Problem details = Exactly the lines from the one containing "هگست به جمهوری" through the end of the listing below are required, restated word for word and without pictures.

Dataset content =
++++++

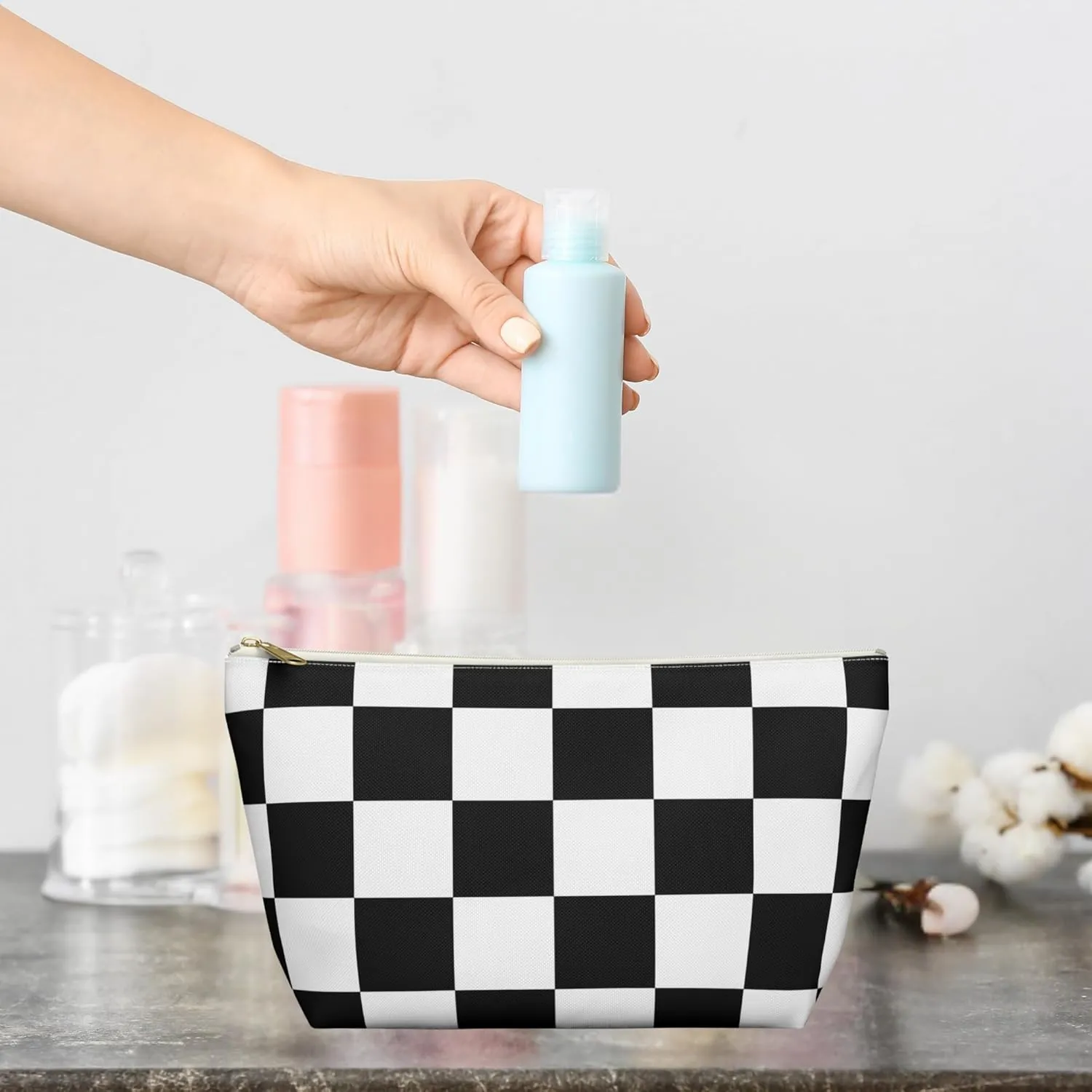 Black and White Checkered Accessory Pouch  Stylish Zippered Makeup Bag, Travel Cosmetic Bag, Pencil Case for Women & Men (Black Checkered, Large)
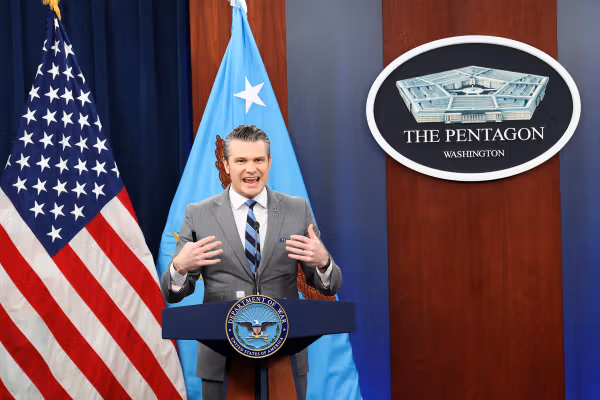 هگست به جمهوری اسلامی هشدار داد: مینگذاری نقض آتشبس خواهد بود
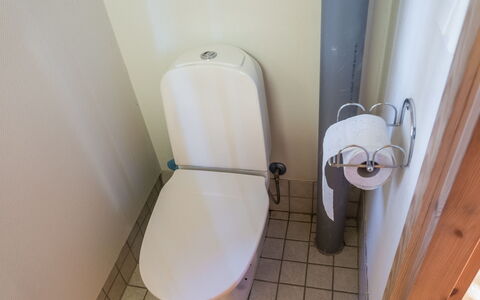 Putilanranta: Toiletbræt, Toilet, Badeværelse, Sanitærarmatur, Etage, Gulvbelægning, Vvs, Flise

++++++

Exercise result =
 هگست به جمهوری اسلامی هشدار داد: مینگذاری نقض آتشبس خواهد بود
 Putilanranta: Toiletbræt, Toilet, Badeværelse, Sanitærarmatur, Etage, Gulvbelægning, Vvs, Flise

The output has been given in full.